# Probability of third head in a row after two flipping a maybe fair coin

You have three coins, one with two heads, and two fair. Pick one at random, flip it twice, and get two heads. What is the probability that tossing again I get heads?

I see it this way: call $$2H$$ the event of tossing two heads and $$3H$$ the event of getting the third one, $$F$$ and $$R$$ the events of picking a fair coin or the rigged one, respectively. Determine $$\mathbb P(3H|2H)$$. Is this what they are asking?

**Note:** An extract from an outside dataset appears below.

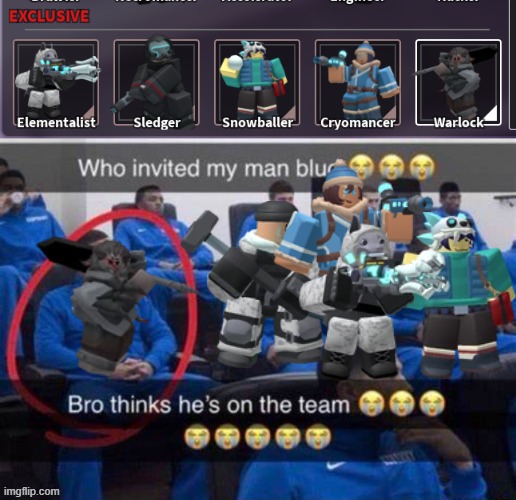image tagged in bro thinks he's on the team | made w/ Imgflip meme maker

I go from the basics: $$\mathbb P(3H|2H) = \frac{\mathbb P(3H\cap 2H)}{\mathbb P(2H)}=\frac{\mathbb P(3H\cap 2H \cap F)+\mathbb P(3H\cap 2H \cap R)}{\mathbb P(2H|F)\mathbb P(F)+\mathbb P(2H|R)\mathbb P(R)}.$$ Take $$\mathbb P(F)=\frac23$$, $$\mathbb P(R)=\frac13$$, $$\mathbb P(2H|F)=\frac14$$, $$\mathbb P(2H|R)=1$$, $$\mathbb P(3H\cap 2H \cap F)=\mathbb P(3H \cap F) = \mathbb P(3H | F)\mathbb P(F)= \frac18\frac 23$$,$$\mathbb P(3H\cap 2H \cap R)=\mathbb P(3H | R) P(R)= \frac13$$, and I get $$\mathbb P(3H|2H) = \frac{\frac1{12}+\frac13}{\frac16+\frac13}=\frac56.$$ Is this reasonable?

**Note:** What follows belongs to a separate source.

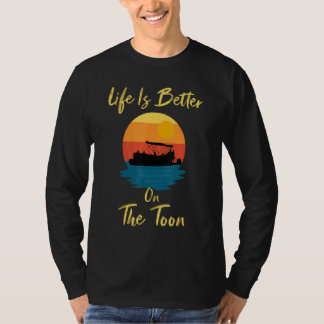 Auf dem Toon Pontoon  Boot Bootfahren Pontoonfahre T-Shirt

$$\frac{5}{6}$$ looks correct. Since $$3H \subset 2H$$, using
$$\mathbb P(3H\mid 2H)= \dfrac{\mathbb P(3H\mid F)\mathbb P(F)+\mathbb P(3H\mid R)\mathbb P(R)}{\mathbb P(2H\mid F)\mathbb P(F)+\mathbb P(2H\mid R)\mathbb P(R)} =\dfrac{\frac18\times\frac23+1 \times \frac13}{\frac14\times\frac23+1 \times \frac13}=\frac{5}{6}$$